Now on the other hand i have never had a reel last me more then 3 yrs,other then a old diawa bg13 my uncle gave me ten yrs ago(this reel pulled me a limit of saugeye back on november). But the shimano stradic i got back in december just feels like itll be a good one,and should last a while...

Im gonna have to check out the penns. Oh I have also heard good things about mitchels..


----------



## JohnPD (Jun 12, 2012)

The Shimano Sonora series are great reels for about $50.


----------



## Eriesteamer (Mar 9, 2007)

I have a bigger then most regular open spin reel. had it long time. all I can say is it is a Dolpfin and has all ball bearings as far as I know. works so smth hard beleave. now to who makes it beats me. all I see is Dolpfin on it. it is biger then most thus heavy too. looks to me to be a well made reel. I hate open face spin reels thus never used it much. if you want buy it I get it out my storage bin take picture of it. to what it is worth beats me.


----------



## streamstalker (Jul 8, 2005)

Sounds like one from this saltwater series (Tica Dolphin): http://www.knkfishing.com/pd-tica-dolphin-sf-series-surf-cast-spinning-reel.cfm

Seems to me like most votes are for Schimano. It doesn't surprise me. One of my Stradics is at least 15 years old and still smooth and strong.


----------



## Eriesteamer (Mar 9, 2007)

your likly wright as it is a light salt water reel as far as I see. it is a bit differant then one shown. but the maker is what it maybe made by. as I say it sure is a sturdy reel. will take most fresh water fish you will ever catch. and same with light ocean ones like you get on shore. any ways it take the beatting as non can I am shure. by the mention a Mitchell open 300 is like it looks like. but trice size and weight. very well biult if I may say so.


----------



## kingofamberley (Jul 11, 2012)

I have a couple Shakespeare spinning reels that probably cost me around 30 bucks each years ago. One has 4 ball bearings and a trigger, and one has 5 ball bearings and instant anti reverse. Both have the drag knob on the back, which I prefer for fighting big fish. I never close the reel manually, and they work just fine and have for years. I don't see why it would matter; it looks like it is designed for this as there is a stud of metal on the exterior of the reel that hits the bail and closes it when you reel. Unless you are slamming it hard enough to break the metal stud off of the frame somehow, it really should not be a problem.


----------



## backlashed (Mar 19, 2011)

Saugeyefisher said:


> Im gonna have to check out the penns. Oh I have also heard good things about mitchels..


I use 4 vintage Mitchells, a 300, two saltwater 302's and a 510 on the matched 7' Conolon rod. I really like the 510, I'm buying another reel as a backup for parts, I'm going to take the butt of the second conolon rod and have a rod made for for the 510.
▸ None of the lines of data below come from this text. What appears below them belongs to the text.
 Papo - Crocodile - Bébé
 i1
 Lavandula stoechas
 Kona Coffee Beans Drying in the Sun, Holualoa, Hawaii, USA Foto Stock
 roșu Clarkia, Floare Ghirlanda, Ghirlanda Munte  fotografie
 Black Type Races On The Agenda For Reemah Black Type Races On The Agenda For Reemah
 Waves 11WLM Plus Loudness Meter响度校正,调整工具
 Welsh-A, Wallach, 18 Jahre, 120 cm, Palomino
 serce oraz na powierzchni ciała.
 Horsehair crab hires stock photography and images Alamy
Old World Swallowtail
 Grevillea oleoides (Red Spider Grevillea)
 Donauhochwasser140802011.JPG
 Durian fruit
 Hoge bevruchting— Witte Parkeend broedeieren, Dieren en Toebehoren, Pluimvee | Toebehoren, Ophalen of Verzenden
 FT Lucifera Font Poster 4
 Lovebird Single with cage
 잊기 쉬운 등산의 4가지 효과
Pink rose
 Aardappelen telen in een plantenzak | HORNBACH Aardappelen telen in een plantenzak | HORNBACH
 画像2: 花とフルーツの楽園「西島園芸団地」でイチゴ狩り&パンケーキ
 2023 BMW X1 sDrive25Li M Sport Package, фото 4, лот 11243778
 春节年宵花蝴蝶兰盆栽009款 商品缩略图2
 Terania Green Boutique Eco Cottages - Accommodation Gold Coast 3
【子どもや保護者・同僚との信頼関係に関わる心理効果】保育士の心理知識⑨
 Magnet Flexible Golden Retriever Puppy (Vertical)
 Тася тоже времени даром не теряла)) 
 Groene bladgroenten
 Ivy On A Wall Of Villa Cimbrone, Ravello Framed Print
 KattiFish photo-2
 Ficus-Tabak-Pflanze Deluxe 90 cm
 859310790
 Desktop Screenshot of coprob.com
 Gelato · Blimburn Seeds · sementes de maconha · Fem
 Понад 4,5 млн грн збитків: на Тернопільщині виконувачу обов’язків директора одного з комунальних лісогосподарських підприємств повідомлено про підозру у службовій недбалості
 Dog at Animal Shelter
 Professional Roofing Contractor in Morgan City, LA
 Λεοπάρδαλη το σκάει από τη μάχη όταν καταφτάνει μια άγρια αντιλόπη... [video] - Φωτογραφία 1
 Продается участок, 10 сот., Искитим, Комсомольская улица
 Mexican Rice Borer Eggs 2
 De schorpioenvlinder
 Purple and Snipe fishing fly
Penn has a great reputation and it's made in America. What's not to like about that? 

I just got my first Shimano last week, a Stradic Ci4 3000f matched to a custom 8' trout rod. Fished with it every day we were in Salvo, NC. That is a SWEET setup! I'll use it here and on saltwater.


----------



## ironman172 (Apr 12, 2009)

backlashed said:


> I use 4 vintage Mitchells, a 300, two saltwater 302's and a 510 on the matched 7' Conolon rod. I really like the 510, I'm buying another reel as a backup for parts, I'm going to take the butt of the second conolon rod and have a rod made for for the 510.
> 
> Penn has a great reputation and it's made in America. What's not to like about that?
> 
> I just got my first Shimano last week, a Stradic Ci4 3000f matched to a custom 8' trout rod. Fished with it every day we were in Salvo, NC. That is a SWEET setup! I'll use it here and on saltwater.


I've got those mitchells but still find myself using the newer equipment(reels) for the faster gear ratio....I like to be able to move a bait or lure fast.... if needed....just personal opinion though....but I love my stradic 4000,cabo's, penn's....


----------



## stewey (Jan 28, 2009)

Sadly all but one of Penn's current line of spinning reels are now manufactured in the Far East.


----------